Anima Anandkumar, Bren Professor of computing at the California Institute of Technology and senior director of machine learning research at Nvidia, has a bone to pick with the matrix. Her misgivings are not about the sci-fi movies, but about mathematical matrices — grids of numbers or variables used throughout computer science. While researchers typically use matrices to study the relationships and patterns hiding within large sets of data, these tools are best suited for two-way relationships. Complicated processes like social dynamics, on the other hand, involve higher-order interactions.
Luckily, Anandkumar has long savored such challenges. When she recalls Ugadi, a new year’s festival she celebrated as a child in Mysore (now Mysuru), India, two flavors stand out: jaggery, an unrefined sugar representing life’s sweetness, and neem, bitter blossoms representing life’s setbacks and difficulties. “It’s one of the most bitter things you can think about,” she said.
She’d typically load up on the neem, she said. “I want challenges.”
This appetite for effort propelled her to study electrical engineering at the Indian Institute of Technology in Madras. She earned her doctorate at Cornell University and was a postdoc at the Massachusetts Institute of Technology. She then started her own group as an assistant professor at the University of California, Irvine, focusing on machine learning, a subset of artificial intelligence in which a computer can gain knowledge without explicit programming. At Irvine, Anandkumar dived into the world of “topic modeling,” a type of machine learning where a computer tries to glean important topics from data; one example would be an algorithm on Twitter that identifies hidden trends. But the connection between words is one of those higher-order interactions too subtle for matrix relationships: Words can have multiple meanings, multiple words can refer to the same topic, and language evolves so quickly that nothing stays settled for long.
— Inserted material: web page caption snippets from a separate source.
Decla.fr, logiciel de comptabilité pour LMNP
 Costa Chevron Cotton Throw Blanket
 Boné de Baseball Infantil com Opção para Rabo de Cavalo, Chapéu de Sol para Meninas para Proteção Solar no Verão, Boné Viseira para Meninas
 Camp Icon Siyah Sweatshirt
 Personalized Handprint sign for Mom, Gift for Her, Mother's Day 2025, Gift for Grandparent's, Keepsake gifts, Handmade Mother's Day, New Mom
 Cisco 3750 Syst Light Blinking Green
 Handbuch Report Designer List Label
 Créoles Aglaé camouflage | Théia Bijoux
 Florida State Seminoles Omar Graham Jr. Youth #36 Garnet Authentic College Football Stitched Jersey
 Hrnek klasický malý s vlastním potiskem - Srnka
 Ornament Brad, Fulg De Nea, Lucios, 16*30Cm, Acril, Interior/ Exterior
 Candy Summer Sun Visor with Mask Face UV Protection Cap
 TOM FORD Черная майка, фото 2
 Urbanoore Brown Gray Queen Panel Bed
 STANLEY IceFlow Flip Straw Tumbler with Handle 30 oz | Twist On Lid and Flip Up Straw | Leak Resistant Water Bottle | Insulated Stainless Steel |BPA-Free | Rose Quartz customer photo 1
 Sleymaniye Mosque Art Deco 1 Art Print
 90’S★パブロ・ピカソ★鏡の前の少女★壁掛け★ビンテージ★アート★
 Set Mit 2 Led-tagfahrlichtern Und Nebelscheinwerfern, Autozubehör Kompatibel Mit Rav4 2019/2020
This led Anandkumar to challenge AI’s reliance on matrix methods. She deduced that to keep an algorithm observant enough to learn amid such chaos, researchers must design it to grasp the algebra of higher dimensions. So she turned to what had long been an underutilized tool in algebra called the tensor. Tensors are like matrices, but they can extend to any dimension, going beyond a matrix’s two dimensions of rows and columns. As a result, tensors are more general tools, making them less susceptible to “overfitting” — when models match training data closely but can’t accommodate new data. For example, if you enjoy many music genres but only stream jazz songs, your streaming platform’s AI could learn to predict which jazz songs you’d enjoy, but its R&B predictions would be baseless. Anandkumar believes tensors make machine learning more adaptable.
It’s not the only challenge she’s embraced. Anandkumar is a mentor and an advocate for changes to the systems that push marginalized groups out of the field. In 2018, she organized a petition to change the name of her field’s annual Neural Information Processing Systems conference from a direct acronym to “NeurIPS.” The conference board rejected the petition that October. But Anandkumar and her peers refused to let up, and weeks later the board reversed course.
Quanta spoke with Anandkumar at her office in Pasadena about her upbringing, tensors and the ethical challenges facing AI. The interview has been condensed and edited for clarity.
How did your parents influence your perception of machines?
In the early 1990s they were among the first to bring programmable manufacturing machines into Mysore. At that time it was seen as something odd: “We can hire human operators to do this, so what is the need for automation?” My parents saw that there can be huge efficiencies, and they can do it a lot faster compared to human-operated machines.
Was that your introduction to automation?
Yeah. And programming. I would see the green screen where my dad would write the program, and that would move the turret and the tools. It was just really fascinating to see — understanding geometry, understanding how the tool should move. You see the engineering side of how such a massive machine can do this.
What was your mother’s experience in engineering?
My mom was a pioneer in a sense. She was one of the first in her community and family background to take up engineering. Many other relatives advised my grandfather not to send her, saying she may not get married easily. My grandfather hesitated. That’s when my mom went on a hunger strike for three days.
As a result, I never saw it as something weird for women to be interested in engineering. My mother inculcated in us that appreciation of math and sciences early on. Having that be just a natural part of who I am from early childhood went a long way. If my mom ever saw sexism, she would point it out and say, “No, don’t accept this.” That really helped.